Selon l’astronome, cette méthode permettrait de mettre en place un bouclier de protection plus proche de la Terre, mais avec sa masse gravitationnelle située en point L1. Ensuite, « le contrepoids devrait utiliser des treuils à énergie solaire pour allonger ou raccourcir les câbles afin de contrecarrer les effets déstabilisateurs de la Lune et du vent solaire ». Simple comme bonjour.
L’idée peut paraitre absurde, et István Szapudi a conscience des limites de ses calculs — qui ne prennent pas en compte tous les éléments, comme il le reconnait. Il écrit également que le plus grand défi technologique serait de développer des attaches assez robustes pour permettre à la structure de tenir. Il estime cependant que « le reste des technologies nécessaires sera bientôt disponible », les matériaux nécessaires à la fabrication du bouclier existant déjà. Il faudrait de plus « une base lunaire permanente », ou bien réussir à mettre en place un système de « manipulation d’orbite d’astéroïde ».

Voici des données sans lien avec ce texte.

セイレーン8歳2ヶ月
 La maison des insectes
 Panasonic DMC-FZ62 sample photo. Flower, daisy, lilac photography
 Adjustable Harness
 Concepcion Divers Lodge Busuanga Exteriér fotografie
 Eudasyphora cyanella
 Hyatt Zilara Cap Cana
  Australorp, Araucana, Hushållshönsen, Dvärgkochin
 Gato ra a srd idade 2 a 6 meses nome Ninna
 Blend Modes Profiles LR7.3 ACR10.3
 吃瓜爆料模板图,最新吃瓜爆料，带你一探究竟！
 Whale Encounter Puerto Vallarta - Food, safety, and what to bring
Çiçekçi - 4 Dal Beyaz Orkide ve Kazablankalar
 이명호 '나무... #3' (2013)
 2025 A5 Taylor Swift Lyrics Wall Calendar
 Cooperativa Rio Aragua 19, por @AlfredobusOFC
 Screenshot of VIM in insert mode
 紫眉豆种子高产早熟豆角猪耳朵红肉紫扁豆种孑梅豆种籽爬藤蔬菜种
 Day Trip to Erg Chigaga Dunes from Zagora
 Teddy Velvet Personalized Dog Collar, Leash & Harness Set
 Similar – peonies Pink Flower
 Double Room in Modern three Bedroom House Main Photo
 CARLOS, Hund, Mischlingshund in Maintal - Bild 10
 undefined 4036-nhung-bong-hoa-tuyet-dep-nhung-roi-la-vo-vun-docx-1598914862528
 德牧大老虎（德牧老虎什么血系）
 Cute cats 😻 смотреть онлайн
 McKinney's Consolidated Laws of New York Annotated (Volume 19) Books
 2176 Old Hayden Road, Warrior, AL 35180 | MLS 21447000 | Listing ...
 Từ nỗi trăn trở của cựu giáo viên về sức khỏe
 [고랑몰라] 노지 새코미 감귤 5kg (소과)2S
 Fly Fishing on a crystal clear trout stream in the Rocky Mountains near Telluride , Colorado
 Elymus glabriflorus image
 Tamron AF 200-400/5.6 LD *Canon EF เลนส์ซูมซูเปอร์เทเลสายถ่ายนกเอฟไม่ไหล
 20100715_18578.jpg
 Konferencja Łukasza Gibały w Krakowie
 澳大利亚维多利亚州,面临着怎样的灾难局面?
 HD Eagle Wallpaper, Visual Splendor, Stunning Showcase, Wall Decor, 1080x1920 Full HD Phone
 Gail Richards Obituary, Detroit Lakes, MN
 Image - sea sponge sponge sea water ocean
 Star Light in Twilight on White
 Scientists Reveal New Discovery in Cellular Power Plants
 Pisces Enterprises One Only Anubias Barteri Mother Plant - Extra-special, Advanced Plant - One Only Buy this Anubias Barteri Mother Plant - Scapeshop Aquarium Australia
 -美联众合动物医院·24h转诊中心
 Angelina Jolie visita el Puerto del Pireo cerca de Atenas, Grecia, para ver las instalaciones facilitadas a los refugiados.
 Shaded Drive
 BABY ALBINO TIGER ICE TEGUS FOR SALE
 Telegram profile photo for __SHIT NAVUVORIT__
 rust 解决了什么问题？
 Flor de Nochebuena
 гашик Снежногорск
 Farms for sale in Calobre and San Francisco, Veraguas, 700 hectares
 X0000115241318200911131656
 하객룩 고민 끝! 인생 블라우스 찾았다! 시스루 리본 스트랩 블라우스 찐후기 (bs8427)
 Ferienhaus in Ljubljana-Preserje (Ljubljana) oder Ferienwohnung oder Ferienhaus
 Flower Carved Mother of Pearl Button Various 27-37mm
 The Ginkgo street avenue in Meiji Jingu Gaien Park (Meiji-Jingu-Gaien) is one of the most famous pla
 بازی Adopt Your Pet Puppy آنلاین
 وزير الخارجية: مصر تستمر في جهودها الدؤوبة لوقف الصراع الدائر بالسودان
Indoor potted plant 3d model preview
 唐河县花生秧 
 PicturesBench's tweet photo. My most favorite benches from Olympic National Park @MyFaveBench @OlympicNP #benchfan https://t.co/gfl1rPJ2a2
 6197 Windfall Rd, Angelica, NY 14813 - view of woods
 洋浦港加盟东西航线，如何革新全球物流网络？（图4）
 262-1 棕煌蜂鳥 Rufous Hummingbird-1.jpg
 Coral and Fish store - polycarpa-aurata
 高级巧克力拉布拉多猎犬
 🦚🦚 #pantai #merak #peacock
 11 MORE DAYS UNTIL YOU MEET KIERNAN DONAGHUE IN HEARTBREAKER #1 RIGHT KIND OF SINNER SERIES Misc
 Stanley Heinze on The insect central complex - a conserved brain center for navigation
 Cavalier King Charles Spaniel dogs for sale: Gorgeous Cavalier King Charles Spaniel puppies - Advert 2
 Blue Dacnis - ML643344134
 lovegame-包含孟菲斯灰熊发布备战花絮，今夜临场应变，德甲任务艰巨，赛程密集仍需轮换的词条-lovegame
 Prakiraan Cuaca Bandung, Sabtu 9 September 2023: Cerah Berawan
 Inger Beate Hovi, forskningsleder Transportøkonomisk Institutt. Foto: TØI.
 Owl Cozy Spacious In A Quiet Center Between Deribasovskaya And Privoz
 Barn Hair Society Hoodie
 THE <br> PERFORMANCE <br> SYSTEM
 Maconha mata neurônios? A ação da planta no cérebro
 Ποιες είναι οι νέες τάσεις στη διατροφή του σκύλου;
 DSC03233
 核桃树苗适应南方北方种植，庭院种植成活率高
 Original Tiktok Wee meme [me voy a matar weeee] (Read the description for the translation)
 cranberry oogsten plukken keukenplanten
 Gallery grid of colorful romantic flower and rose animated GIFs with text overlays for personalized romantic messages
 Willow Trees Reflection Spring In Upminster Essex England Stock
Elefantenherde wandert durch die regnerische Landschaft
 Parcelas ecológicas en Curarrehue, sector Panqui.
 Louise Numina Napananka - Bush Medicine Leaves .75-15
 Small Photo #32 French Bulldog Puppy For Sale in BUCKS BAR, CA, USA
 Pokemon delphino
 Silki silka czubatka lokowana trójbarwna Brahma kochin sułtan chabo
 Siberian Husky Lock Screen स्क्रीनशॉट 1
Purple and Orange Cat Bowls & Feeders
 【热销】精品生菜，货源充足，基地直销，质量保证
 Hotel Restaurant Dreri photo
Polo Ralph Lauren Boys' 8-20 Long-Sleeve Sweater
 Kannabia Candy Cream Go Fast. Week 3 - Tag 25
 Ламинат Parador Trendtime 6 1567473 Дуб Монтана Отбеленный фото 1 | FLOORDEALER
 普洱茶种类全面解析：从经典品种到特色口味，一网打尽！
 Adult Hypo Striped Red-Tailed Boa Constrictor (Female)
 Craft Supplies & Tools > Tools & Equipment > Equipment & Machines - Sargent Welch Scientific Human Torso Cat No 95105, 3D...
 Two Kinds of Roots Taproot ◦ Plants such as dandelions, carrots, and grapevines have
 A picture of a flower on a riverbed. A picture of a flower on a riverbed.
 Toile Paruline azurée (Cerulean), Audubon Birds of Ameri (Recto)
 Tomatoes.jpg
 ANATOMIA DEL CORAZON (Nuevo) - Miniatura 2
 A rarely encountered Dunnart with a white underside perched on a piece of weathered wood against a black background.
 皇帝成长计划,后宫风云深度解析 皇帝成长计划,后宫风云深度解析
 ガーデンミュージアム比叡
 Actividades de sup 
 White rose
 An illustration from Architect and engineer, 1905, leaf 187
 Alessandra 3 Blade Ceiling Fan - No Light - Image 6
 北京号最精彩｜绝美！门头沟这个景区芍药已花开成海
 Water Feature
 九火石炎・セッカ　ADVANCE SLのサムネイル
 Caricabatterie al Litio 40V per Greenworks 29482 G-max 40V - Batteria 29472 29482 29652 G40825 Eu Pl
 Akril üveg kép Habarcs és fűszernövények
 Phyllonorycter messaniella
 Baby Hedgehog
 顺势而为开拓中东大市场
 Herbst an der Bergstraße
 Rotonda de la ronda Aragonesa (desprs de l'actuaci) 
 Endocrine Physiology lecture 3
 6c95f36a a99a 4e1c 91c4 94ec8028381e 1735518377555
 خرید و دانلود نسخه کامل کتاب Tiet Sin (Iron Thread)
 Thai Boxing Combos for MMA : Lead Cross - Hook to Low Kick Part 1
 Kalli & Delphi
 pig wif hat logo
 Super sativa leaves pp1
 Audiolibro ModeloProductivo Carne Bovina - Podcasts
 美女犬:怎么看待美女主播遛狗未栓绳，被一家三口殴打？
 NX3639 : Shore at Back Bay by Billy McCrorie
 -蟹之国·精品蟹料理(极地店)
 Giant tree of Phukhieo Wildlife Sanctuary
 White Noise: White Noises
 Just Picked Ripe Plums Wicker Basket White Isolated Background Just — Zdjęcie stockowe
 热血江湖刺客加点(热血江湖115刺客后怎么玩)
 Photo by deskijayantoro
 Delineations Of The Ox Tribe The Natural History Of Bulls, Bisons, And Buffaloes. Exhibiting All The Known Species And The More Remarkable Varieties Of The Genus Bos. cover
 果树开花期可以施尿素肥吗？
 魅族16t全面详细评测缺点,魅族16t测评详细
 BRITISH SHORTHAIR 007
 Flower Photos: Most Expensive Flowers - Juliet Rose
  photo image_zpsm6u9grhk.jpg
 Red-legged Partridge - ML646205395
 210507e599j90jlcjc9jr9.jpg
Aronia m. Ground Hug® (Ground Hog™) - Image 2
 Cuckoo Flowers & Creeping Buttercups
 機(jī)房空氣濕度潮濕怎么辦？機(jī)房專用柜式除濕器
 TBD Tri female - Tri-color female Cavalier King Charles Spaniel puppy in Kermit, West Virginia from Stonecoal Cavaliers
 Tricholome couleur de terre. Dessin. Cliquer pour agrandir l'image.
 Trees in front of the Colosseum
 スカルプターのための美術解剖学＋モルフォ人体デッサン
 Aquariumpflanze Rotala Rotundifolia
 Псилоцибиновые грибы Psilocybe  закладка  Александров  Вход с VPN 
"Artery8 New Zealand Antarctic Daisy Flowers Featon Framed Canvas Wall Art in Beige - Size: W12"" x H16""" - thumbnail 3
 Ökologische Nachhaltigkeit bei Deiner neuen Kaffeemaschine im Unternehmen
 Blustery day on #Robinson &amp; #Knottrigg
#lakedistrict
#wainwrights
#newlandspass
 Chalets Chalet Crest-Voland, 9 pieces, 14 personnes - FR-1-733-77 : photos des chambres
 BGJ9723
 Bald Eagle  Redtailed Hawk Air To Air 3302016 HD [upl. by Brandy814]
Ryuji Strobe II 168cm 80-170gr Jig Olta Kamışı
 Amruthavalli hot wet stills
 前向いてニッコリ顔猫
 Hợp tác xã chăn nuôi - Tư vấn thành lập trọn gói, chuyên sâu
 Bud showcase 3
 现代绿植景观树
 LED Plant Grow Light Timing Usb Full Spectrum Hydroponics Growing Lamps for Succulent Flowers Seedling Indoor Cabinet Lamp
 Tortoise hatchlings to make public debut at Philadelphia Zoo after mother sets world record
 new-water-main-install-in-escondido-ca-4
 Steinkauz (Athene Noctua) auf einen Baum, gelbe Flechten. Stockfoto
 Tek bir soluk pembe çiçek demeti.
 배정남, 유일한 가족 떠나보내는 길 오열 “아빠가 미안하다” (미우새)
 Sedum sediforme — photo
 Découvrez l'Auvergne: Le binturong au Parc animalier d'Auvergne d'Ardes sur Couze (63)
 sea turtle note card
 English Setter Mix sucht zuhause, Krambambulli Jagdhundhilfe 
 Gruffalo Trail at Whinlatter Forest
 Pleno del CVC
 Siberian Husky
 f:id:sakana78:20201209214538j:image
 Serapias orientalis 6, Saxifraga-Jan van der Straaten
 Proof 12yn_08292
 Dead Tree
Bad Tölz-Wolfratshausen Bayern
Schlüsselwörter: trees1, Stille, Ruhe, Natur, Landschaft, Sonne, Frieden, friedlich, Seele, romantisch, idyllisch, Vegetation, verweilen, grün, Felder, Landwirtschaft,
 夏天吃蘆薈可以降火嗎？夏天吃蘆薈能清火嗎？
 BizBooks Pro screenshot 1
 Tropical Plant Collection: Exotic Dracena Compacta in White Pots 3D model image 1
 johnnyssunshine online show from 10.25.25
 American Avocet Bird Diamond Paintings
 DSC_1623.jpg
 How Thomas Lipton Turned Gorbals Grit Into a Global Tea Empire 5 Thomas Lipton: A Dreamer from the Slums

Néanmoins, selon le chercheur, « les travaux de R&D doivent commencer dès maintenant afin de produire à temps une solution technique qui servira de police d’assurance : un bouclier peut toujours être déployé si les autres efforts pour atténuer le changement climatique échouent ».
La meilleure option, avant qu’on en arrive là, reste tout de même de réduire nos émissions de gaz à effet de serre. La géo-ingénierie est contestée par beaucoup de scientifiques à plusieurs titres : elle détournerait justement de l’objectif principal et le plus urgent, l’atténuation, tout en risquant d’accroître encore plus le dérèglement du climat. Sans compter les risques diplomatiques : qui détiendrait les clés du mécanisme, alors qu’il concerne le monde entier ? Résultat, même si ce genre d’études peut paraître absurde de prime abord, l’encadrement lui-même de ce champ de recherches est devenu un enjeu au sein du domaine scientifique.